Risk of FreeNAS as Virtual File Server

file-sharingfilesystemstruenasvirtualizationzfs

There is much debate as to whether FreeNAS can be run as a virtual machine.

The official position is that yes, but there is additional configuration required.

If I cannot guarantee that I can follow these recommendations, am I more vulnerable to failure – especially catastrophic failure – than if I run a vanilla Linux system with EXT4/XFS, or FreeBSD with UFS?

Specifically, assume I won't be able to do PCI passthrough nor can I disable write caching. Furthermore, I will only have one vDisk for storage (A VMDK backed by hardware RAID) so no RAIDZ. Obviously, there will be backups.

EDIT: To clarify why I want to do this – I need a file server, and this is the infrastructure I have to work with. If I need to I could get the extra vDisks to setup RAIDZ, but otherwise that's it. I was looking for a good file server solution, and FreeNAS seemed to fit the bill. Except that there were all of these dire warnings about virtualizing ZFS and how you can lose all of your data and corrupt your backups.

I realize that deploying FreeNAS on this infrastructure is risky. My question is: is it riskier than the alternatives?

EDIT2: I seem to be having trouble communicating my intent. FreeNAS with ZFS is a rock solid NAS platform. However, from what I have read, it seems that the features that make ZFS more reliable as a bare metal file server can actually work against you if you run it on a standard VM configuration. If so, then using a different file system is better choice on standard VM settings (i.e. no direct IO, write cache enabled). Is this a correct assessment?

Best Answer

General answer

If I cannot guarantee that I can follow these recommendations, am I more vulnerable to failure - especially catastrophic failure - than if I run a vanilla Linux system with EXT4/XFS, or FreeBSD with UFS?

The risks are different and not directly comparable.

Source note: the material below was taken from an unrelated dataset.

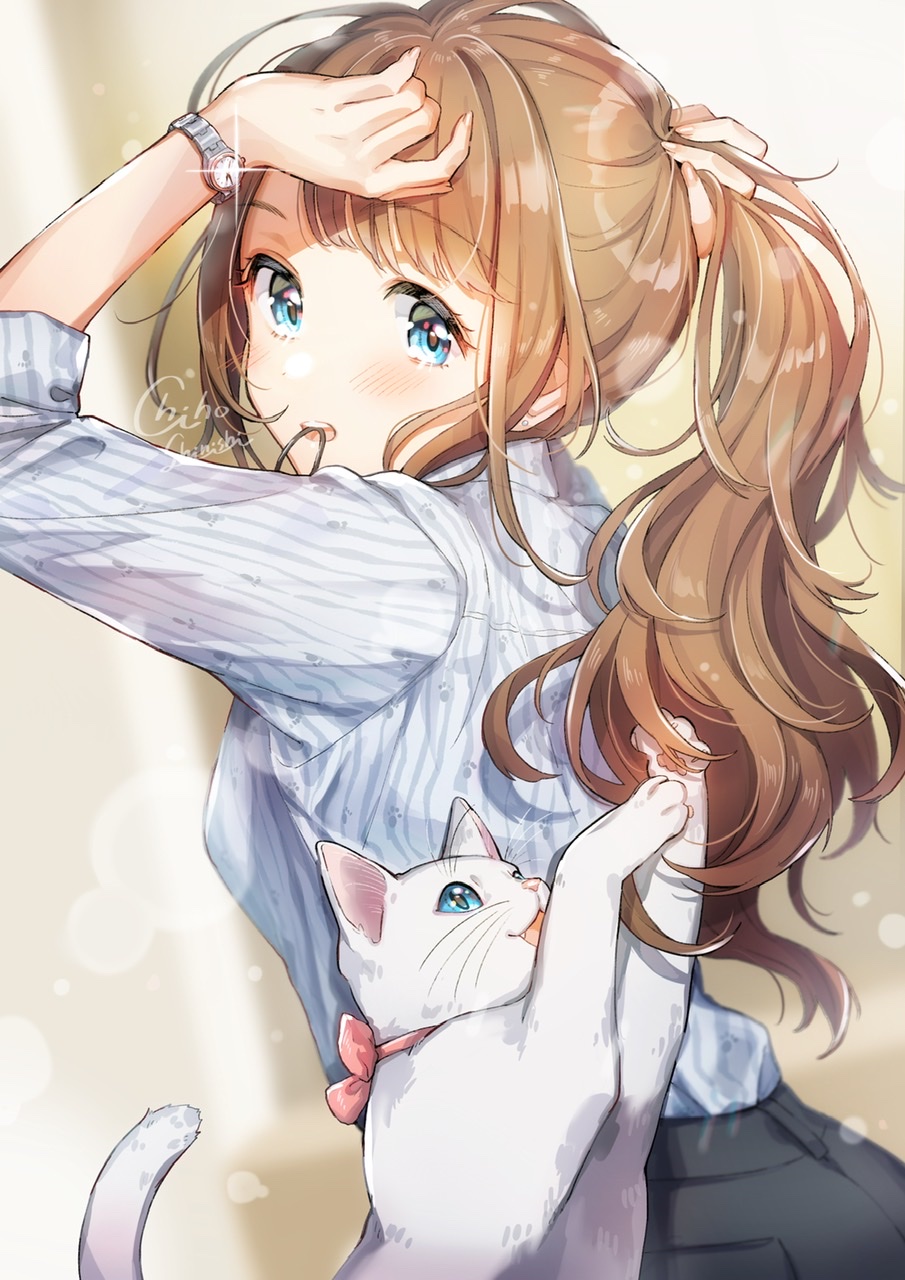 1girl arms_up black_pants blue_eyes breasts brown_hair cat eyebrows_visible_through_hair hair_behind_ear hairband highres long_hair looking_at_viewer mouth_hold original pants piroshiki123 ponytail shirt shirt_tucked_in sidelocks signature sleeves_rolled_up small_breasts solo striped striped_shirt tying_hair upper_body watch watch wavy_hair white_cat white_shirt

  • I would always prefer a ZFS system, even without redundant vdevs, if only for the knowledge of data integrity (even if I have to restore from backup, I like to know that I have to restore from backup, instead of silent corruption I am not even aware of). Also features like send/recv or snapshots make your live much easier and have nothing to do with integrity.
  • Speaking of catastrophic failure, only backups will prevent you from that, and you need them even if your normal system is highly reliable, so it makes sense to first start with the backups (as you already did) to get that out of the way and then think about what other quality of service you require and with which downsides you can live with.
  • In theory, more complex systems are more error-prone, but as all mentioned file systems are over 10 years old, actively used and maintained, I would say the majority of bugs has been ironed out already (which does not mean there are none left, of course).
  • One may argue that copy-on-write file systems are inherently safer because they never overwrite live data and therefore cannot corrupt it. I assume this risk is more theoretical and much more influenced by other things, like the actual implementation and the handling of metadata.

Specific to your case

If you look at the referenced recommendations and dissect them, you notice a few things:

  1. If you are not using PCI passthrough (more on that below), then you must disable the scrub tasks in ZFS. The hardware can “lie” to ZFS so a scrub can do more damage than good, possibly even permanently destroying your zpool.

Scrub just reads every block of the underlying vdevs and verifies their checksums. If your virtual disk does not cope with this, it is garbage and you should be concerned about it, not about ZFS. On the other hand, if your virtual disks are already checksummed on the SAN, your additional scrub will do nothing except cause additional I/O (it is useless).

  1. The second precaution is to disable any write caching that is happening on the SAN, NAS, or RAID controller itself. A write cache can easily confuse ZFS about what has or has not been written to disk. This confusion can result in catastrophic pool failures.

This is good advice if you don't trust the hardware. The downside is considerably lower performance, of course. You may also have no control ofer the SAN settings, so you need to treat it as a cheap disk you bought from ebay and slapped into your system - anything can happen, at least in theory.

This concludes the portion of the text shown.